===== Provided records
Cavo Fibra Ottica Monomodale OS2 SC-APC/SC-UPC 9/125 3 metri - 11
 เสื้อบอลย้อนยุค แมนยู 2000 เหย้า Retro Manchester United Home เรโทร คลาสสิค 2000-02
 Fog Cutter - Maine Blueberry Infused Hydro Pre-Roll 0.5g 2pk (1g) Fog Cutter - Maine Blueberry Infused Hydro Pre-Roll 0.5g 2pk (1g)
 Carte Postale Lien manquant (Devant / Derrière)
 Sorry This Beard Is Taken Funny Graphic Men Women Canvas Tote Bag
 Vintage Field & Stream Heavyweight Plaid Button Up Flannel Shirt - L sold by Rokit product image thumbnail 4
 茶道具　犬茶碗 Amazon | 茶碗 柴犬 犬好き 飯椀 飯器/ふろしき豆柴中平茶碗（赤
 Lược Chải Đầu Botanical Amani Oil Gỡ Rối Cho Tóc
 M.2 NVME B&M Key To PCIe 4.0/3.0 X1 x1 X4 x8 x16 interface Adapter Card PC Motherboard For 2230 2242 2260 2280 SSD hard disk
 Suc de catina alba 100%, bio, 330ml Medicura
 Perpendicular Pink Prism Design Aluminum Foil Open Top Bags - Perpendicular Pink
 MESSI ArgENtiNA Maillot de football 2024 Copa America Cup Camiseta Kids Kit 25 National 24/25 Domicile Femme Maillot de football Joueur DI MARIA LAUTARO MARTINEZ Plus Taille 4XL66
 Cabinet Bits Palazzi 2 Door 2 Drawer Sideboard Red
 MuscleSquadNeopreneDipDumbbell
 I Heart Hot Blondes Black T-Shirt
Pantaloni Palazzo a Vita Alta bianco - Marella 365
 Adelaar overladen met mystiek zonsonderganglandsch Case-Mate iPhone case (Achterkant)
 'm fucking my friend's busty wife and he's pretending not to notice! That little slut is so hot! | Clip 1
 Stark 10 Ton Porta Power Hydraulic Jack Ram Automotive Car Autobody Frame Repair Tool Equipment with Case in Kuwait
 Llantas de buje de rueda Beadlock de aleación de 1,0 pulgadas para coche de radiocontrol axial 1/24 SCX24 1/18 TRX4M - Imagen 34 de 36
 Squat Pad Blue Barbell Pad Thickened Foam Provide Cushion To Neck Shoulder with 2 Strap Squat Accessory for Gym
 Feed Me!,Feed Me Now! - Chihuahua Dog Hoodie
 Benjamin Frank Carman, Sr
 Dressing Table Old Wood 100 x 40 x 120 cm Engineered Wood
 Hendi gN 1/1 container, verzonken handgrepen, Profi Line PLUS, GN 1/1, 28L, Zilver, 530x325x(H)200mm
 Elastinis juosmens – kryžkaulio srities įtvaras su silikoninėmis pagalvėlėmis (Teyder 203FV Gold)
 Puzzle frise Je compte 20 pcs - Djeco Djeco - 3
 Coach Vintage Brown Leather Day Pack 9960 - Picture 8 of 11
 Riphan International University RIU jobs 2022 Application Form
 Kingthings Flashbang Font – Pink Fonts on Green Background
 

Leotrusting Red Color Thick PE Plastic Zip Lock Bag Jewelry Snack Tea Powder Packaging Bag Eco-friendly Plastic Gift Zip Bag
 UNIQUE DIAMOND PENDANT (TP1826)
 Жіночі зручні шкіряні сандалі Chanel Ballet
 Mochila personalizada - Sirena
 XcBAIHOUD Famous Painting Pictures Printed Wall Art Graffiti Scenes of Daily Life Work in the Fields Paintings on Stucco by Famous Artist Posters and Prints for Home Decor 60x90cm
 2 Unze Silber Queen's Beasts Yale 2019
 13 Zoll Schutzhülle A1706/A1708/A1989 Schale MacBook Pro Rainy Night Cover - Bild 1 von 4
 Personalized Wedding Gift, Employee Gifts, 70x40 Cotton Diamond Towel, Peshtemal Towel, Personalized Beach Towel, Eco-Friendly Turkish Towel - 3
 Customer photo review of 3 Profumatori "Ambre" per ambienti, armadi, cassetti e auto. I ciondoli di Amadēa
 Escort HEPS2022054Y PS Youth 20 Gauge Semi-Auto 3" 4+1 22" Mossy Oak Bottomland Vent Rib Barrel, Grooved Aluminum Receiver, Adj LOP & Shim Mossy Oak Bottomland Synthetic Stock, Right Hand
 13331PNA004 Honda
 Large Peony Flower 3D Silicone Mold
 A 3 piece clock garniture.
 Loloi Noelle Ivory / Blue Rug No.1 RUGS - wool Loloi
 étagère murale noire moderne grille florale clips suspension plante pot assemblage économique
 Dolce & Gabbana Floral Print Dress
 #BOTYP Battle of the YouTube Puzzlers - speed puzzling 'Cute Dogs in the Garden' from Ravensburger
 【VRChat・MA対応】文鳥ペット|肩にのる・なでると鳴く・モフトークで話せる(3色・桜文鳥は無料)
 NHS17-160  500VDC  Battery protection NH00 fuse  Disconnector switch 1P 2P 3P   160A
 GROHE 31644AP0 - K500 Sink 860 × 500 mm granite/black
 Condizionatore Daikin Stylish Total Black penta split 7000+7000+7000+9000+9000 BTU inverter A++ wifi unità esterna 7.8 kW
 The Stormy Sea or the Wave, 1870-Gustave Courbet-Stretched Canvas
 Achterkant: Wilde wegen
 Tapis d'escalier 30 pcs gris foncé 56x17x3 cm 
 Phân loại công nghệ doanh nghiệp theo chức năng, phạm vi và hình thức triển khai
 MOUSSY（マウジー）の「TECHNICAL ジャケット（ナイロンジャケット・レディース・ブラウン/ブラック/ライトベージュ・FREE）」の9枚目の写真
==========
* **Work to complete**
Return only the part of the records above that opens with the line containing "Escort HEPS2022054Y PS" and closes with the line containing "A 3 piece clock garniture.", ends included.

* **Result of the exercise**
 Escort HEPS2022054Y PS Youth 20 Gauge Semi-Auto 3" 4+1 22" Mossy Oak Bottomland Vent Rib Barrel, Grooved Aluminum Receiver, Adj LOP & Shim Mossy Oak Bottomland Synthetic Stock, Right Hand
 13331PNA004 Honda
 Large Peony Flower 3D Silicone Mold
 A 3 piece clock garniture.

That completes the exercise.